Marion Stembridge was a banker and a loan shark. He was paranoid too. His wife used to prepare their meals, and she said that he used to switch their plates because he thought she was trying to poison him. I remember when I searched his hotel room after his wife left him; he had four guns, three in different corners and one on his night stand, and a latch welded onto his refrigerator with a big padlock on it, a lot like the ones you'd find at the jail.
Marion Stembridge had had a fellow working for him by the name of Sam Terry. I always told Sam, "He's gonna get you in trouble."
"He's been good to me," Sam would say.
"That's all right," I would say, "but he's gonna get you into trouble some day."
I was Chief of Police, and one day I got a call saying there had been a shooting at a garage. When I got there, there were two ladies lying on the ground; they had been shot. Sam Terry was standing there holding a gun, and Stembridge was standing a few feet away with his arms folded.
"You gotta believe me, Ellis," Terry said. "I didn't shoot anybody."
"He's the one with the gun, ain't he?" Stembridge said.
One of those women died, but the other one told me that Stembridge did all the shooting. A few days later, I went into Stembridge's office with a warrant for his arrest. I walked in and told him what I was there for.
"Can I see the warrant," Stembridge asked.
"You certainly may," I said.
While he was reading the warrant, he reached into his coat and grabbed one of his guns. Stembridge always carried two guns on himautomatics, with white paint on the sights so he could line them up easier.
"I'm not going anywhere with you," he said.
I grabbed Stembridge and wrestled the gun away from him. Then I put the cuffs on him and arrested him. Mr. Baldwin, the D.A. at the time, said that was the only mistake I ever made, not killing him there.
Stembridge had gotten out of jail on bond and was facing a murder charge and federal charges on income tax fraud. I was at the courthouse when my assistant chief came running out to tell me that Stembridge had killed two attorneys, Marion Ennis, who was his wife's attorney, and Pete Bivins, who had represented him.

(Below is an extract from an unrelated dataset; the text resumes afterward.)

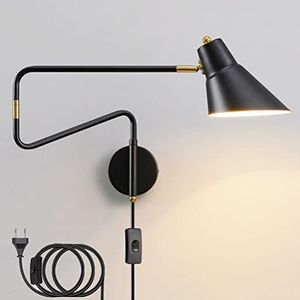 Industriële wandlamp met schakelaar en stekker, wandlamp verstelbare metalen lange arm, wandleeslampen met kabel draaibare bedlamp slaapkamer woonkamer lamp indoor wandverlichting E27,zwart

Dennis Cox, one of our officers, and I went to the Sanford building to arrest Stembridge again. Cox started up the stairs to Stembridge's office when I stopped him. "Don't go up there, Dennis," I said. He's got his guns on him, I'm sure!"
Just then we heard a shot. We ran into Stembridge's office and found him lying on the floor with his hand still holding his pistol. "Don't walk up on him, Dennis," I said. "He might be playing possum." But I was wrong. Marion Stembridge had shot himself through the roof of the mouth and was dead.